» **TASK PROMPT**:
From the records below, output exactly the lines starting at the line with "See the result?" and ending at the line with "This tutorial will", both of them included, but no pictures.

[DATA FOR REVIEW Boundary: Start]

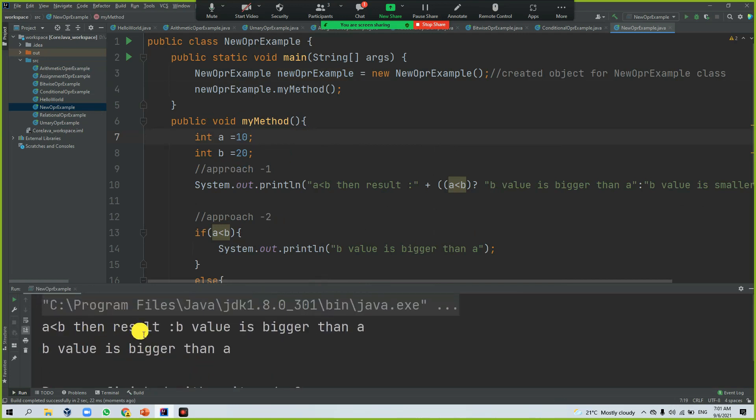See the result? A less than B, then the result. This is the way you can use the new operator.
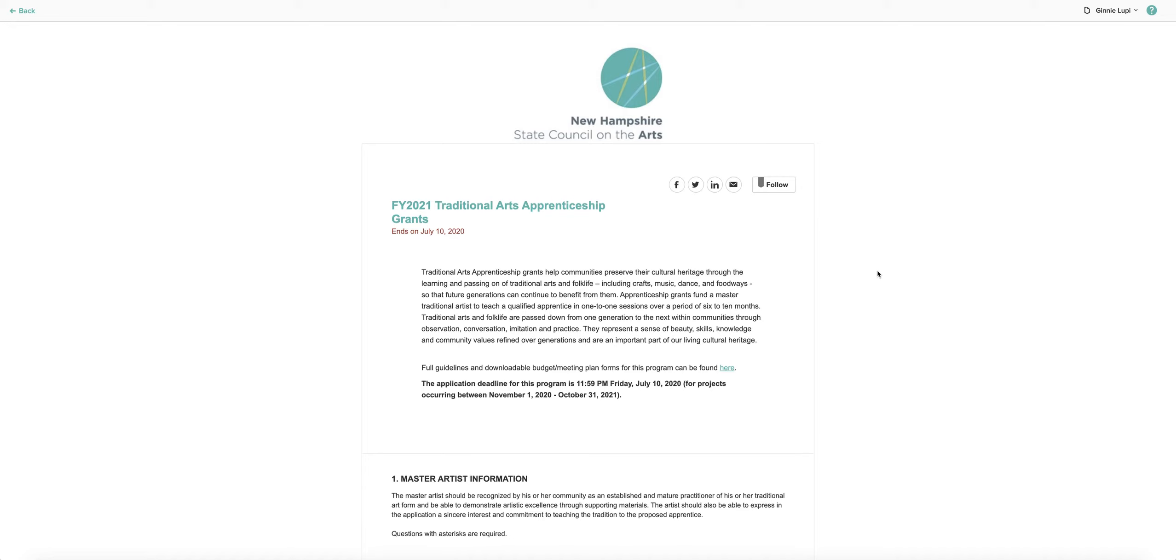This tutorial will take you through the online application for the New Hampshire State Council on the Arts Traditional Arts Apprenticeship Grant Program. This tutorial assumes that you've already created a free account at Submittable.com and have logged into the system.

[DATA FOR REVIEW Boundary: End]
[DATA FOR REVIEW Boundary: Start]

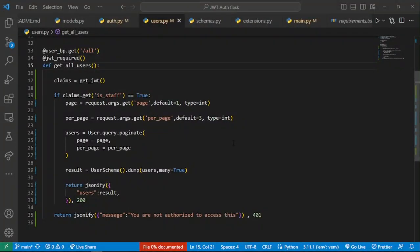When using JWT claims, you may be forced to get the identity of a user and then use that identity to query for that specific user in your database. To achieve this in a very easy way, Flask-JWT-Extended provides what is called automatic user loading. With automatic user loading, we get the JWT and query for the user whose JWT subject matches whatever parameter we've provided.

[DATA FOR REVIEW Boundary: End]

» **WRITTEN SOLUTION**:
See the result? A less than B, then the result. This is the way you can use the new operator.
This tutorial will take you through the online application for the New Hampshire State Council on the Arts Traditional Arts Apprenticeship Grant Program. This tutorial assumes that you've already created a free account at Submittable.com and have logged into the system.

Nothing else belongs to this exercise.